Re: Półmaraton 1:12 na wiosnę da się zrobić ?

: 20 paź 2013, 22:31
autor: Adrian26
majas pisze:Po pierwsze, to nie ma co oceniać innych swoją miarą. Serio, niektórzy się trafiają tacy, co startują i z marszu osiągają wyniki, na które inni pracują latami. Tak już na tym świecie jest :) Ja koledze wierzę, bo akurat w moim przypadku też ludzi dziwiły wyniki, które osiągałem nie biegając systematycznie.
Może i da się z marszu przebiec 10 km w dobrym czasie, może da się także przebiec półmaraton, ale uzyskać czas na poziomie 1:17 to jest coś nieprawdopodobnego. Z drugiej strony gdybym oceniał swoją miarą to napisałbym 5-10 lat :oczko: Nawet dla osoby utalentowanej rok treningu, żeby złamać 1:17 w półmaratonie to byłoby moim zdaniem zbyt mało. Nie chce się jednak bawić w spekulacje. Widziałem zestawienie z tego półmaratonu. Na miejscu runnera wybrałbym się do jakiegoś klubu i porozmawiał z trenerem, bo jeżeli jest prawdą to co piszesz, to jesteś wyjątkowo utalentowany. Z drugiej strony dziwne jest dla mnie, że nawet po tych 3-4 miesiącach masz przy niewielkim tempie strasznie wysokie tętno. Sam byłem w podobnej sytuacji na przełomie zeszłego roku i obecnego. Przez trzy miesiące nie mogłem biegać. Pierwszy trening wiadomo "bolał", nie tylko ze względu na kontuzję, ale później drugi, trzeci trening to już było w miare spoko od strony oddechowo-pulsowej. Wiadomo, tętno było podwyższone o 10-15 jednostek przy tym samym tempie, ale nie przy prędkości o minute/dwie wolniejszej.

Re: Półmaraton 1:12 na wiosnę da się zrobić ?

: 20 paź 2013, 22:44
autor: runnerunner
Bieganie w z trenerem odpada przynajmnie narazie, musze najpierw mieć mocniejszą psyche, jak polegne to sam a nie będę komuś dupe zawracał.

Re: Półmaraton 1:12 na wiosnę da się zrobić ?

: 20 paź 2013, 22:48
autor: adam1adam
runner- napisz swoj plan i....zobaczymy co z tego wyniknie.
tylko pozniej nie mow , ze nic z tego nie zrobiles :hahaha:

Re: Półmaraton 1:12 na wiosnę da się zrobić ?

: 20 paź 2013, 22:56
autor: majas
Chyba podchodzisz do tego ze złej strony. Trener jest własnie od motywowania i pilnowania zawodnika, a zawodnik od zapierdzielania na trenera ;) Podejrzewam, że większe prawdopobodbieństwo ejst, że polegniesz sam ze sobą, a z trenerem będziesz miał motywacje do treningów.

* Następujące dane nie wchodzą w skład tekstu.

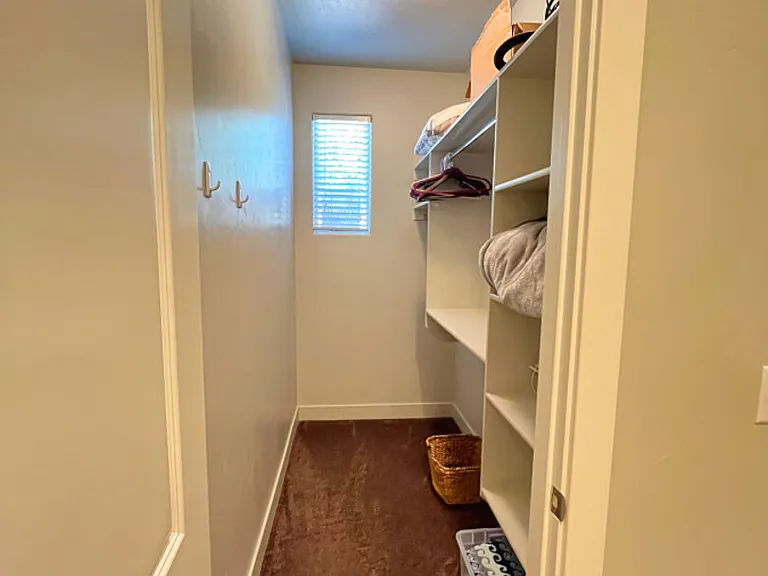 N Coral Ridge Dr — Photo 15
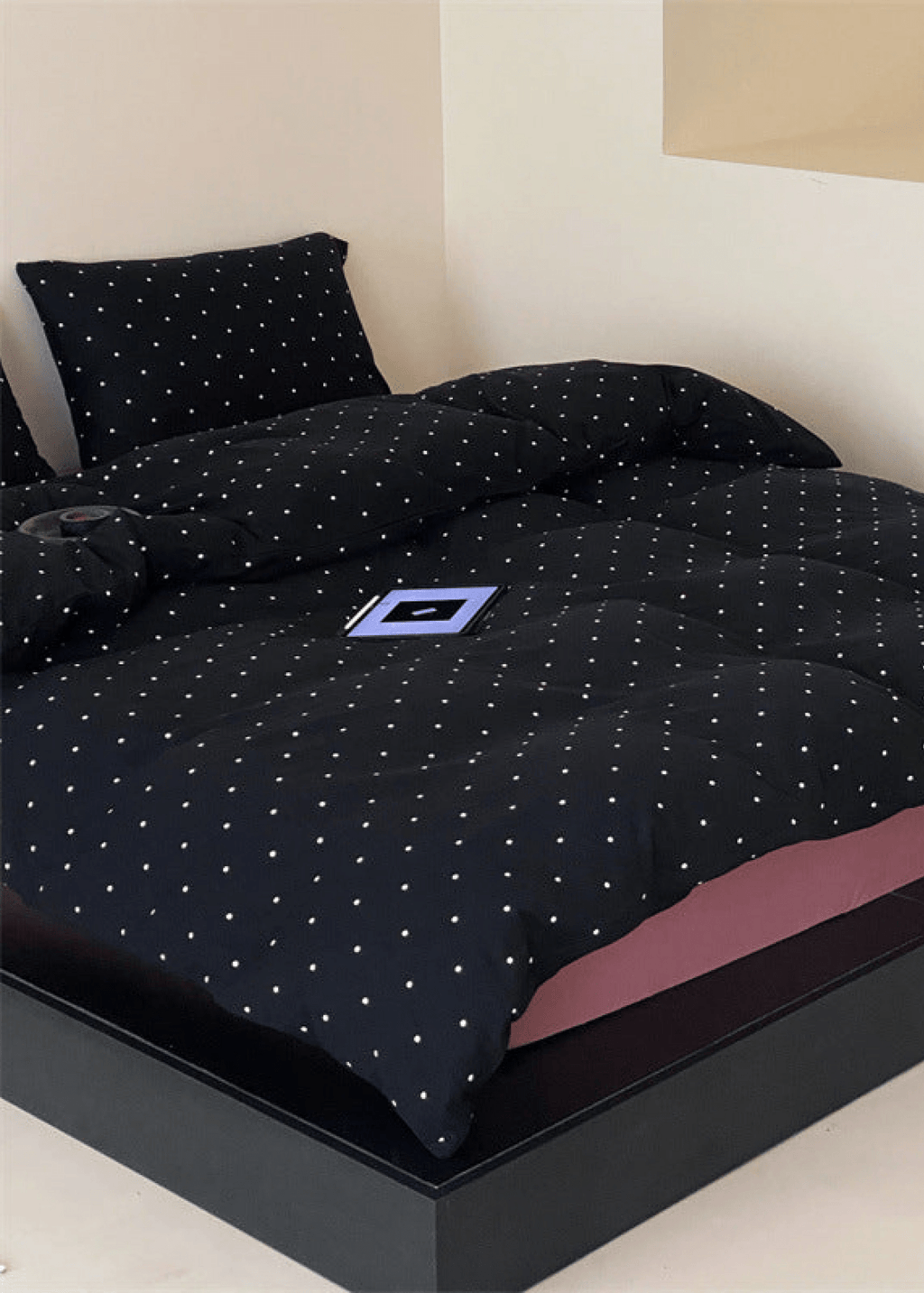 Mini Polka Dot Jersey Knit Bedding Set / Black + Pink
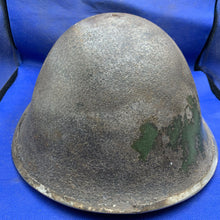 Charger l&#39;image dans la galerie, Original WW2 British/Canadian Army Mk3 Combat Helmet
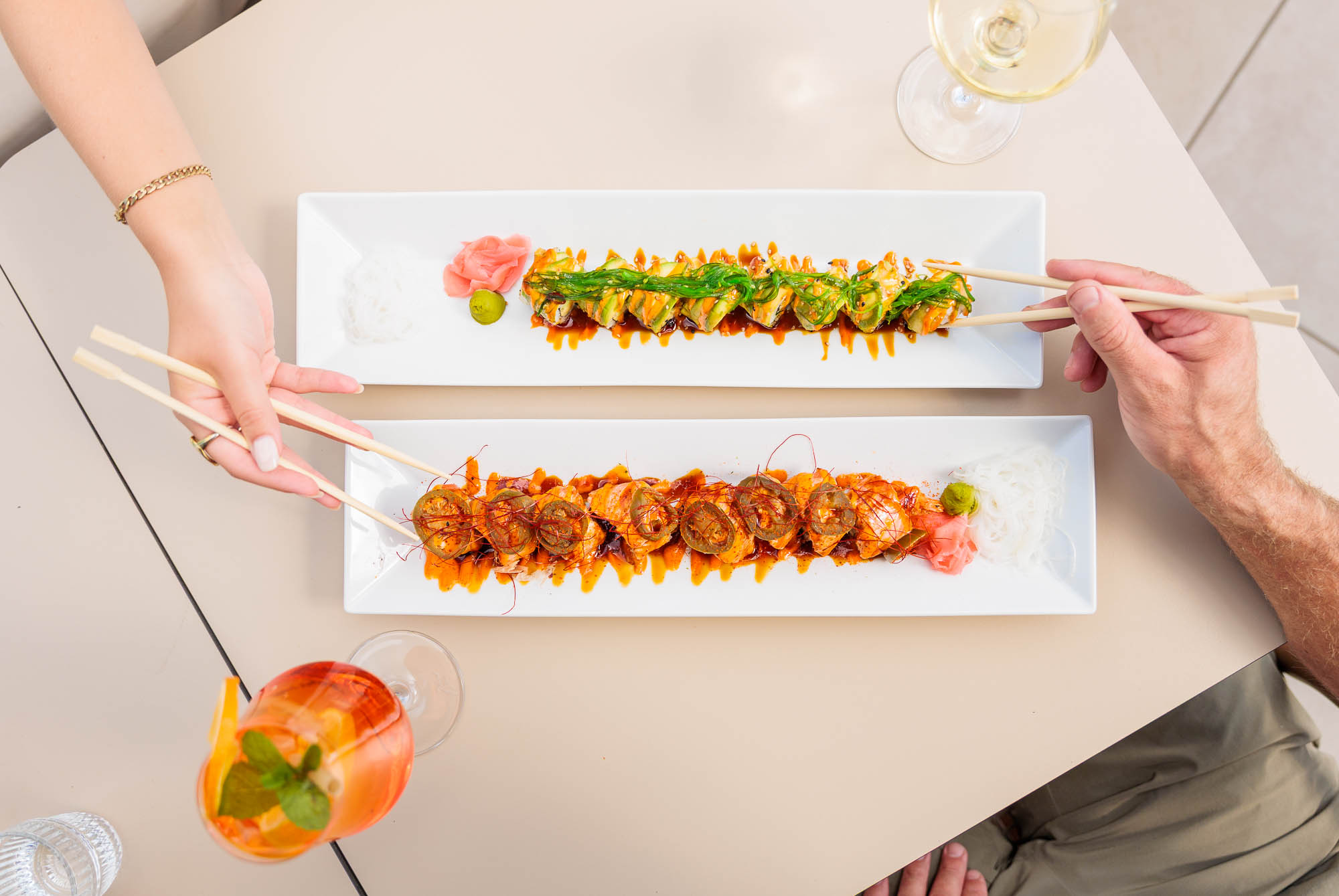 Gasten pakken sushi van de plank bij atMirror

Re: Półmaraton 1:12 na wiosnę da się zrobić ?

: 21 paź 2013, 15:14
autor: Adrian26
Szczerze mówiąc nie rozumiem kwestii związanej z motywacją. Jeżeli rzeczywiście jesteś tak utalentowany, to teoretycznie nie powinieneś mieć z motywacją problemów. Czas 1:12 w półmaratonie to w wielu biegach daje nawet czołową trójkę, a niekiedy nawet zwycięstwo.

Re: Półmaraton 1:12 na wiosnę da się zrobić ?

: 21 paź 2013, 15:34
autor: f.lamer
Adrian26 pisze:Jeżeli rzeczywiście jesteś tak utalentowany, to teoretycznie nie powinieneś mieć z motywacją problemów.
talent często rozleniwia, zwłaszcza młodych ludzi, bo przyzwyczaja do osiągnięć bez wielkiego wysiłku.